Quali sono gli obblighi di comunicazione per il titolare effettivo, i rischi che si corrono a non rispettare le scadenze.

Il Ministero dell’Economia e delle Finanze ha aperto ufficialmente la piattaforma per la raccolta delle informazioni riguardanti la titolarità effettiva di imprese con personalità giuridica, di persone giuridiche private, di trust che producono effetti fiscali e enti giuridici simili ai trust. Si tratta di associazioni, fondazioni, società per azioni, società commerciali con personalità giuridica e così via.

obbligo comunicazione titolare d'impresa
Titolarità effettiva, la comunicazione da effettuare – tecnozoom.it

La necessità di comunicare la titolarità effettiva deriva dal Decreto ministeriale del MEF numero 55 dell’11 marzo 2022. Si tratta di un norma antiriciclaggio che prevede l’obbligo per ogni titolare d’impresa di definire la propria posizione di fronte ai propri interessi, mediante un registro che attesti le informazioni date.

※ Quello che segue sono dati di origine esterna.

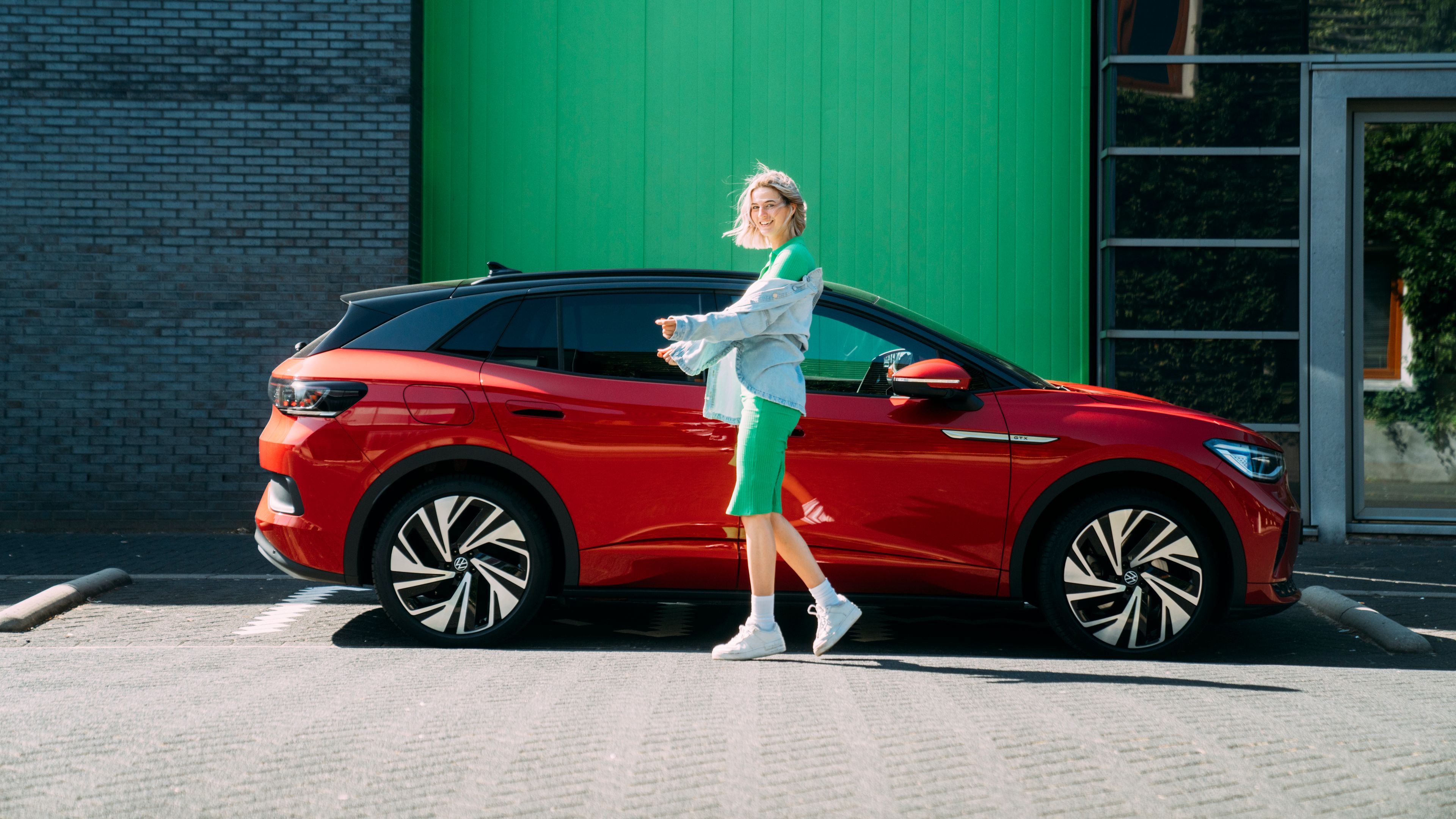 A lady in a green dress walks up to the Volkswagen ID.4 GTX in the colour Kings Red Metallic in a front of a largebuildings.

Titolare effettivo, le informazioni da fornire

Dunque una nuova incombenza per i titolari di aziende che debbono comunicare al Registro delle imprese una sorta di autocertificazione per dare maggiore trasparenza riguardo la titolarità, sostenendo così l’Agenzia delle Entrate  nel contrasto all’occultamento di redditi e capitale.

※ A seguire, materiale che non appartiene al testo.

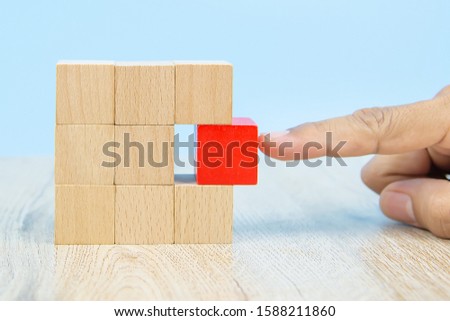 Hand choose cube shape wooden block toy stacked without graphics for Business design concept and activity for child foundation practice skills.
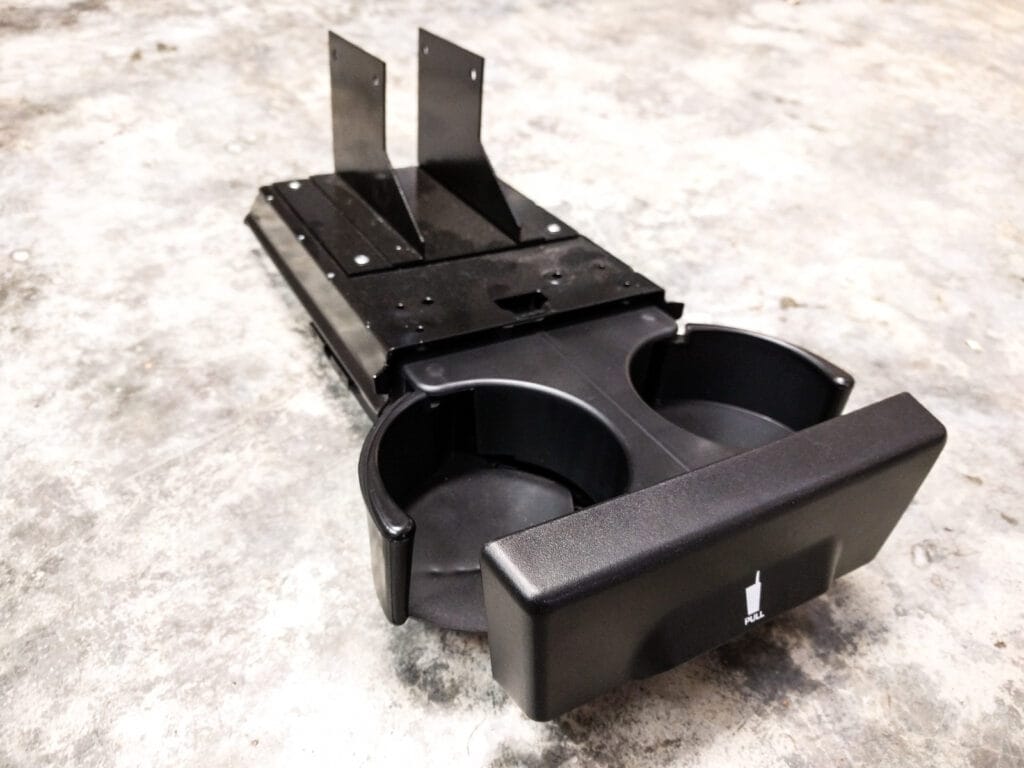 The removed cup holder showing how the bolts mount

Informativa al registro delle imprese
Obbligo di autocertificazione per il titolare effettivo – tecnozoom.it

Questa comunicazione va effettuata entro l’11 dicembre 2023, con valore di autocertificazione di titolarità effettiva. Dopo la scadenza il Registro delle Imprese segnala la mancata comunicazione e si rischia così una sanzione fino a 1.032 euro. La notifica della titolarità si può svolgere attraverso la piattaforma DIRE  (Depositi e Istanze Registro delle Imprese) o simili.

Una semplice definizione di titolare effettivo si ha tramite le caratteristiche segnalate nel testo del decreto ministeriale, secondo cui è titolare effettivo la persona fisica che detiene la proprietà diretta o indiretta di partecipazione al capitale superiore al 25%. Le principali tipologie di imprese obbligate a fornire questa informazione sono: le società a responsabilità limitata, le società per azioni, le società in accomandata per azioni e le società cooperative.

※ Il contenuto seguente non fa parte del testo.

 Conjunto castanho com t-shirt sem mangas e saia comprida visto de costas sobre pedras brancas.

Nel caso un’impresa abbia più di un titolare effettivo è necessario verificare che tutti coloro che ricadono nelle definizioni riportate dal decreto spediscano la loro singola comunicazione al Registro delle Imprese. Se non si raggiungono le condizioni previste, sono contemplati altri requisiti.

Nel dettaglio sono il controllo della maggioranza dei voti in assemblea, il controllo dei voti sufficienti ad avere un’influenza dominante in assemblea, la presenza di vincoli contrattuali per avere un’influenza dominante, il possesso di poteri di rappresentanza legale, direzione o amministrazione dell’impresa.

Per la comunicazione occorrono uno strumento per la firma digitale, un servizio di posta elettronica certificata (PEC) e lo SPID per poter accedere al servizio Telemaco (con contratto di utilizzo). La comunicazione si può compilare sulla piattaforma DIRE o tramite altre applicazioni quali ComUnica e Starweb.